The following table shows the sorted table with the Commission field added:
When (String) | Value (Decimal) | Commission (Decimal) | Index (Integer) |
---|---|---|---|
Unknown | 2000.00 | 100.20 | |
Unknown | 1000.00 | 50.10 | |
Unknown | 3000.00 | 150.30 | |
Unknown | 4000.00 | 200.40 | |
Unknown | 1000.00 | 50.10 | |
Unknown | 1000.00 | 50.10 | |
Unknown | 2000.00 | 100.20 | |
February | 2000.00 | 100.20 | 2 |
February | 1000.00 | 50.10 | 2 |
February | 2000.00 | 100.20 | 2 |
March | 2000.00 | 100.20 | 3 |
March | 3000.00 | 150.30 | 3 |
March | 1000.00 | 50.10 | 3 |
May | 2000.00 | 100.20 | 5 |
May | 1000.00 | 50.10 | 5 |
May | 1000.00 | 50.10 | 5 |
May | 3000.00 | 150.30 | 5 |
June | 2000.00 | 100.20 | 6 |
June | 1000.00 | 50.10 | 6 |
June | 1000.00 | 50.10 | 6 |
July | 2000.00 | 100.20 | 7 |
July | 3000.00 | 150.30 | 7 |
July | 1000.00 | 50.10 | 7 |
July | 1000.00 | 50.10 | 7 |
September | 1000.00 | 50.10 | 9 |
September | 2000.00 | 100.20 | 9 |
September | 1000.00 | 50.10 | 9 |
September | 3000.00 | 150.30 | 9 |
October | 2000.00 | 100.20 | 10 |
October | 3000.00 | 150.30 | 10 |
October | 1000.00 | 50.10 | 10 |
The following table shows the output of the Reduce Transform:
When (String) | Value (Decimal) | Commission (Decimal) | Index (Integer) |
---|---|---|---|
Unknown | 14000.00 | 701.40 | |
February | 5000.00 | 250.50 | 2 |
March | 6000.00 | 300.60 | 3 |
May | 7000.00 | 350.70 | 5 |
June | 4000.00 | 200.40 | 4 |
July | 7000.00 | 350.70 | 7 |
September | 7000.00 | 350.70 | 9 |
October | 6000.00 | 300.60 | 10 |
Step 8:
Subtract the commission from the sales value in each month. The operation is Transform > Decimal > Subtract.
Specify ${@Commission}
as the value to be subtracted. In this case we are not subtracting a fixed amount (a static transform) but an amount
read from another field - the Commission field. This is termed a dynamic transform, because the result requires input from more than one field.
In the following table, a new field named "Received" is created to show the output:
When (String) | Value (Decimal) | Commission (Decimal) | Index (Integer) | Received (Decimal) |
---|---|---|---|---|
Unknown | 14000.00 | 701.40 | 13298.60 | |
February | 5000.00 | 250.50 | 2 | 4749.50 |
March | 6000.00 | 300.60 | 3 | 5699.40 |
May | 7000.00 | 350.70 | 5 | 6649.30 |
June | 4000.00 | 200.40 | 4 | 3799.60 |
July | 7000.00 | 350.70 | 7 | 6649.30 |
September | 7000.00 | 350.70 | 9 | 6649.30 |
October | 6000.00 | 300.60 | 10 | 5699.40 |
Now we can save the result of the transformations as a new data source for later processing. The transforms are repeatable, which means you can re-run the transforms, each month, to receive the most updated set of numbers, rather than create a sequence of transforms but run them only once.

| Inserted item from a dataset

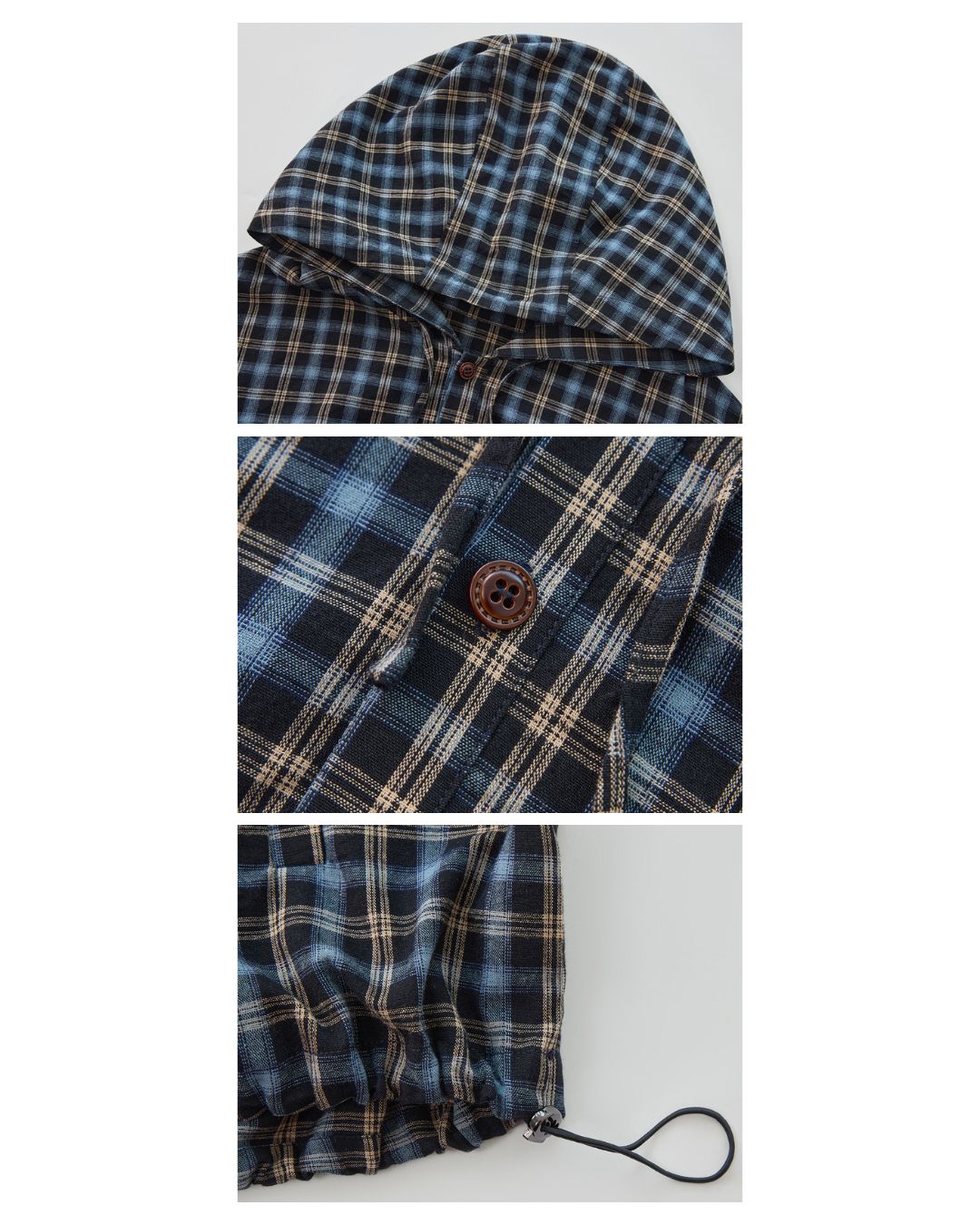 Striped ＆ Checked Hooded Shirt　LS010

The following is a summary of the transformations we used in the overview:
String trim: remove whitespace at the beginning and end of date strings.

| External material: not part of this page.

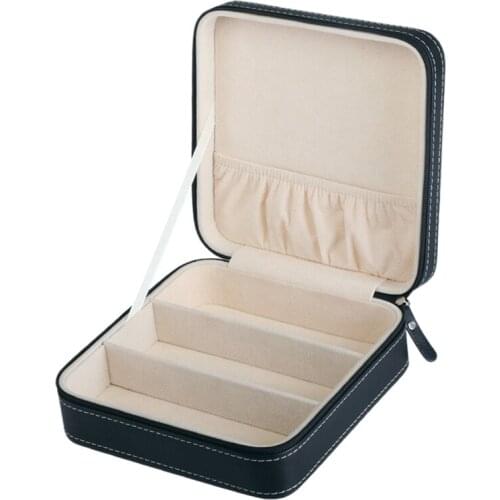 Portable PU Leather Sunglasses Box Travel Jewelry Storage Box Grid Small Glasses Case Zipper Bag Container Gift Box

String to date: build date objects.
Date to month: extract month index from date objects.
Date to month name (long): replace date objects with long month names.

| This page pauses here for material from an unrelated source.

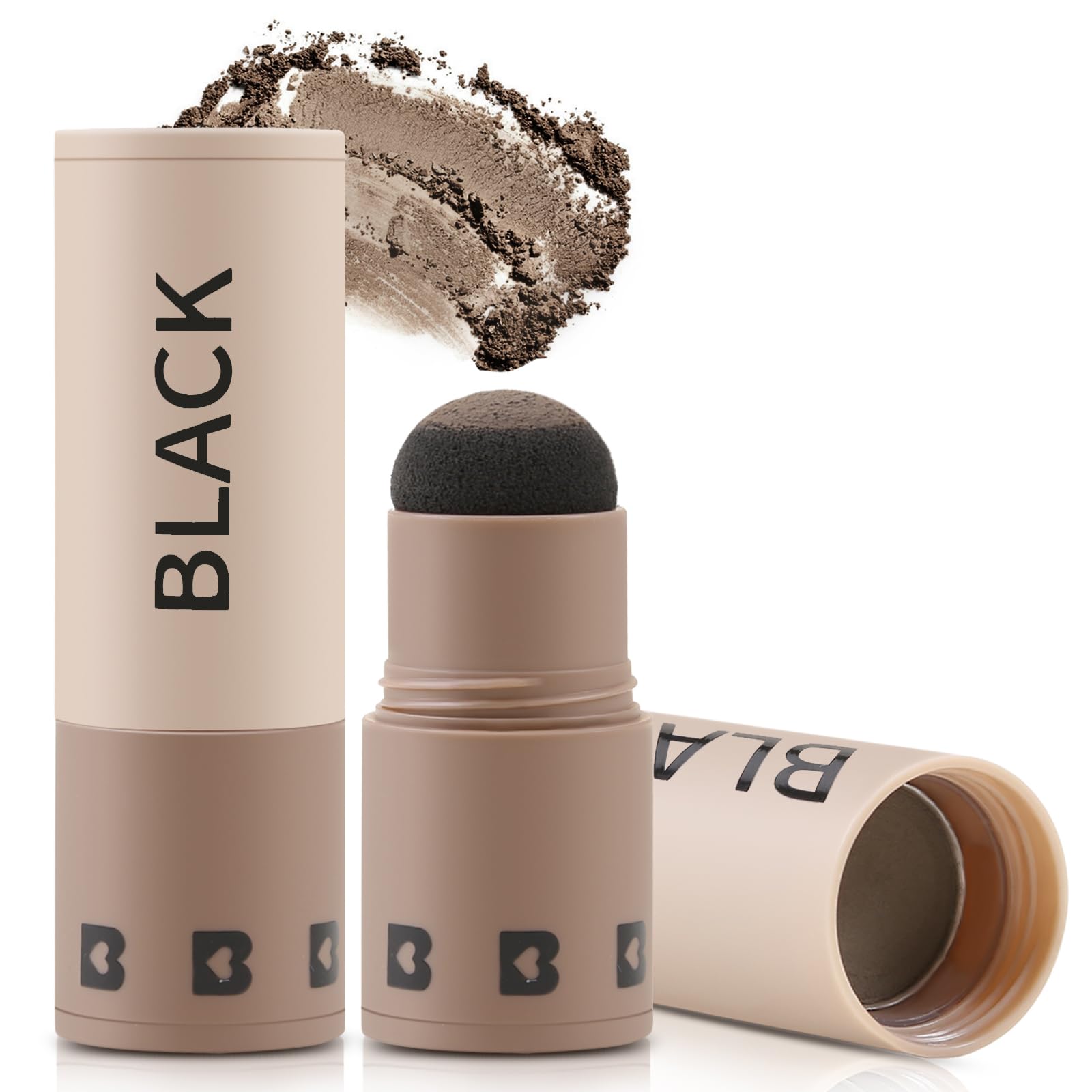 Boobeen Hairline Powder Stick, Root Touch Up and Hair Shadow Powder Stick, Waterproof Hairline Filler to Cover Gray Hair, Thinning Hair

Null to string: set the null month names to “Unknown”.
Sort by month index: view the sales values throughout each month in the ascending order.
Reduce: sum merge the sales values and commissions, reduce the redundant rows and display a single total for each month.
Subtract: subtract the commissions from the sales values to calculate how much the company receives from sales each month.
You can find more details on these and all other supported transformations in the following chapters.